**Data**
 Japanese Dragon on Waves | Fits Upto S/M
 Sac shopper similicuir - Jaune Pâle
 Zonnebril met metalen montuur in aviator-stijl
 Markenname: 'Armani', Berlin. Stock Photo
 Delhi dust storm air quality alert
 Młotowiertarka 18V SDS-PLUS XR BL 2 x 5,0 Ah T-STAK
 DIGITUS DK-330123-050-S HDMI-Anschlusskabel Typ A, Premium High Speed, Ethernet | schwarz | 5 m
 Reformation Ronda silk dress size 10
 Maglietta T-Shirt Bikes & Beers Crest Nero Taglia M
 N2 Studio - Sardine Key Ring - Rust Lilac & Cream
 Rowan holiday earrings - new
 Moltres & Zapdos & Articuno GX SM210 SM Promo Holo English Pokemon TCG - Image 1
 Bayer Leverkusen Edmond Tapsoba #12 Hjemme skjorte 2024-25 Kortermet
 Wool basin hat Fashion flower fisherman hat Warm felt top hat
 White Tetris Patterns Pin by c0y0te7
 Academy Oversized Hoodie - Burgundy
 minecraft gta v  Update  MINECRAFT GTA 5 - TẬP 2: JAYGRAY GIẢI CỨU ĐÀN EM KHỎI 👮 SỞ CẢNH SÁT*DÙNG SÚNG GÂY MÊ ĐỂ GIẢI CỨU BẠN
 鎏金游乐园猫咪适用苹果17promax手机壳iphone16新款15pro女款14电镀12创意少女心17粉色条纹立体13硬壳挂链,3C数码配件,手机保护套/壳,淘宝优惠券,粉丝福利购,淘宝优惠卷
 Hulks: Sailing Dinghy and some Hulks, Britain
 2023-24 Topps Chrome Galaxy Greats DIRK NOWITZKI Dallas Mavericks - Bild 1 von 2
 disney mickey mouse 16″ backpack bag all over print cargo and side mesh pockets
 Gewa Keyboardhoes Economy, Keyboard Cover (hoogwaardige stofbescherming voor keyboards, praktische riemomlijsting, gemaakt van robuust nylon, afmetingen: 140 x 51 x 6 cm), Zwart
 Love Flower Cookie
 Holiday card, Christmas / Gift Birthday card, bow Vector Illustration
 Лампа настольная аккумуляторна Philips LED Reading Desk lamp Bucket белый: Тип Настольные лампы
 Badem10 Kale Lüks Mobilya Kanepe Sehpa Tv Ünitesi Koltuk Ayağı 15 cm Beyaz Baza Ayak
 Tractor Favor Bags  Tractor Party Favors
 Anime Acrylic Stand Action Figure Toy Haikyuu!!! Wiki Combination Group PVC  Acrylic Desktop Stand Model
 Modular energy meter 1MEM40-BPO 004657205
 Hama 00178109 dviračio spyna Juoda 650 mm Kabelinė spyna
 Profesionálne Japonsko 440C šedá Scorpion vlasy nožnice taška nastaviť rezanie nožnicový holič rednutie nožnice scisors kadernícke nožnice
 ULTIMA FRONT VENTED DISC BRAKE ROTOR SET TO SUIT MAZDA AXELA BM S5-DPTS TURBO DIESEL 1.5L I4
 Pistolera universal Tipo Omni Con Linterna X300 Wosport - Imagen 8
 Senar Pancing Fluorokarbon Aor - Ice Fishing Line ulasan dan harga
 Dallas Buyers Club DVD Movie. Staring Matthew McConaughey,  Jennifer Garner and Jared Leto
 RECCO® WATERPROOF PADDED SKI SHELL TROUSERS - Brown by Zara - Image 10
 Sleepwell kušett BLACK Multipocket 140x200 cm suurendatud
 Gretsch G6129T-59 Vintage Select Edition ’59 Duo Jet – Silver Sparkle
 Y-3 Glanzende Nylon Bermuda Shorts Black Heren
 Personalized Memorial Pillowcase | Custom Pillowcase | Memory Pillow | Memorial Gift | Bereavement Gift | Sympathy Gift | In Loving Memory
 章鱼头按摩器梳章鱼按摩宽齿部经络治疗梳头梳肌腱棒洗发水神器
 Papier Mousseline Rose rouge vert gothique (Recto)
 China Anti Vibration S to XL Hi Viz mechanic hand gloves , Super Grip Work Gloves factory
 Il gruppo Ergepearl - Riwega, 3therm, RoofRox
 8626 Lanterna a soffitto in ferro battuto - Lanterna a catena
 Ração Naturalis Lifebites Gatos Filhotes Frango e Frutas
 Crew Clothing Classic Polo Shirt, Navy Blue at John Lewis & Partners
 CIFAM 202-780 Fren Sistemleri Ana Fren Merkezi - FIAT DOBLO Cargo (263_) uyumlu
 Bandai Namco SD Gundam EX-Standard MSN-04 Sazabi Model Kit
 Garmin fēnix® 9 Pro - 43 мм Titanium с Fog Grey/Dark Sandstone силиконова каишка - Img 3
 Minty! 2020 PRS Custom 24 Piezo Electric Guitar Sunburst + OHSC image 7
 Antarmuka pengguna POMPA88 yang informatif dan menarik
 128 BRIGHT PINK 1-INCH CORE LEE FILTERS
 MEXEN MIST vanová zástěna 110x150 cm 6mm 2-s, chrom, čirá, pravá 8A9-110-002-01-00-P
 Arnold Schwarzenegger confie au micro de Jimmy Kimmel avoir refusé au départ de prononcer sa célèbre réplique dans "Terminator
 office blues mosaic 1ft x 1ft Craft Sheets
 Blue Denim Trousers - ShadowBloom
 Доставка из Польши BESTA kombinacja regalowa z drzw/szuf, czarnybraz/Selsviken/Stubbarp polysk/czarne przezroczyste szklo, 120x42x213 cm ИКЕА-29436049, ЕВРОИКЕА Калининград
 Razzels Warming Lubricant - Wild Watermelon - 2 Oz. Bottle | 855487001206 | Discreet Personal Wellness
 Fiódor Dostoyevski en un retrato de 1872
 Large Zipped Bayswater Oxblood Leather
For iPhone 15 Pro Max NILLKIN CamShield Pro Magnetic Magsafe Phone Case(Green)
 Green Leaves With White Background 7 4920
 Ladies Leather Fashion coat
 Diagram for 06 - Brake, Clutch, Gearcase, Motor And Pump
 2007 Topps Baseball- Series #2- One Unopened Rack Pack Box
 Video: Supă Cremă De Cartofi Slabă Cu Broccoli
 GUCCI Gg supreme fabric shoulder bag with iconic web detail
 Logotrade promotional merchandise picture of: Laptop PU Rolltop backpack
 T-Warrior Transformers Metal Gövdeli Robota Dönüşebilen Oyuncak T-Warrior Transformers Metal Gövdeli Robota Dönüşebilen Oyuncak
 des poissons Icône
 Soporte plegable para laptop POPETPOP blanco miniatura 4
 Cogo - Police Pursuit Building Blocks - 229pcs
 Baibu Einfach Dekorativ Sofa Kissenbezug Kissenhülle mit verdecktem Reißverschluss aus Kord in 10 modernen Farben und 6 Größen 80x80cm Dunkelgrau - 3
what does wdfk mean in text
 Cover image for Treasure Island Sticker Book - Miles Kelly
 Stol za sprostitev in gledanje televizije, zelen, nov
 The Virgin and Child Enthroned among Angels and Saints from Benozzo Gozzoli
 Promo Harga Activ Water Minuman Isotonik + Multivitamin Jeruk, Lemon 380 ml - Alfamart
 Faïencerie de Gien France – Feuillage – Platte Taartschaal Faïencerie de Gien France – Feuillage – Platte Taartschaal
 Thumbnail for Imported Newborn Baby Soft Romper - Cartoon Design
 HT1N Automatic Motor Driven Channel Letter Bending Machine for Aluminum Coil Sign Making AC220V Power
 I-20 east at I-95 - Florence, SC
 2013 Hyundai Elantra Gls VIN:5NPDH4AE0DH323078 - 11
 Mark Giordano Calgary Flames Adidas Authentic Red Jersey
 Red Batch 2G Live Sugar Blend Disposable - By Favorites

**Activity**
When the line with "White Tetris Patterns Pin by c0y0te7" is reached in the data above, begin copying, and stop after the line with "8626 Lanterna a"; copy each line exactly, both ends included.

**Exercise output**
 White Tetris Patterns Pin by c0y0te7
 Academy Oversized Hoodie - Burgundy
 minecraft gta v  Update  MINECRAFT GTA 5 - TẬP 2: JAYGRAY GIẢI CỨU ĐÀN EM KHỎI 👮 SỞ CẢNH SÁT*DÙNG SÚNG GÂY MÊ ĐỂ GIẢI CỨU BẠN
 鎏金游乐园猫咪适用苹果17promax手机壳iphone16新款15pro女款14电镀12创意少女心17粉色条纹立体13硬壳挂链,3C数码配件,手机保护套/壳,淘宝优惠券,粉丝福利购,淘宝优惠卷
 Hulks: Sailing Dinghy and some Hulks, Britain
 2023-24 Topps Chrome Galaxy Greats DIRK NOWITZKI Dallas Mavericks - Bild 1 von 2
 disney mickey mouse 16″ backpack bag all over print cargo and side mesh pockets
 Gewa Keyboardhoes Economy, Keyboard Cover (hoogwaardige stofbescherming voor keyboards, praktische riemomlijsting, gemaakt van robuust nylon, afmetingen: 140 x 51 x 6 cm), Zwart
 Love Flower Cookie
 Holiday card, Christmas / Gift Birthday card, bow Vector Illustration
 Лампа настольная аккумуляторна Philips LED Reading Desk lamp Bucket белый: Тип Настольные лампы
 Badem10 Kale Lüks Mobilya Kanepe Sehpa Tv Ünitesi Koltuk Ayağı 15 cm Beyaz Baza Ayak
 Tractor Favor Bags  Tractor Party Favors
 Anime Acrylic Stand Action Figure Toy Haikyuu!!! Wiki Combination Group PVC  Acrylic Desktop Stand Model
 Modular energy meter 1MEM40-BPO 004657205
 Hama 00178109 dviračio spyna Juoda 650 mm Kabelinė spyna
 Profesionálne Japonsko 440C šedá Scorpion vlasy nožnice taška nastaviť rezanie nožnicový holič rednutie nožnice scisors kadernícke nožnice
 ULTIMA FRONT VENTED DISC BRAKE ROTOR SET TO SUIT MAZDA AXELA BM S5-DPTS TURBO DIESEL 1.5L I4
 Pistolera universal Tipo Omni Con Linterna X300 Wosport - Imagen 8
 Senar Pancing Fluorokarbon Aor - Ice Fishing Line ulasan dan harga
 Dallas Buyers Club DVD Movie. Staring Matthew McConaughey,  Jennifer Garner and Jared Leto
 RECCO® WATERPROOF PADDED SKI SHELL TROUSERS - Brown by Zara - Image 10
 Sleepwell kušett BLACK Multipocket 140x200 cm suurendatud
 Gretsch G6129T-59 Vintage Select Edition ’59 Duo Jet – Silver Sparkle
 Y-3 Glanzende Nylon Bermuda Shorts Black Heren
 Personalized Memorial Pillowcase | Custom Pillowcase | Memory Pillow | Memorial Gift | Bereavement Gift | Sympathy Gift | In Loving Memory
 章鱼头按摩器梳章鱼按摩宽齿部经络治疗梳头梳肌腱棒洗发水神器
 Papier Mousseline Rose rouge vert gothique (Recto)
 China Anti Vibration S to XL Hi Viz mechanic hand gloves , Super Grip Work Gloves factory
 Il gruppo Ergepearl - Riwega, 3therm, RoofRox
 8626 Lanterna a soffitto in ferro battuto - Lanterna a catena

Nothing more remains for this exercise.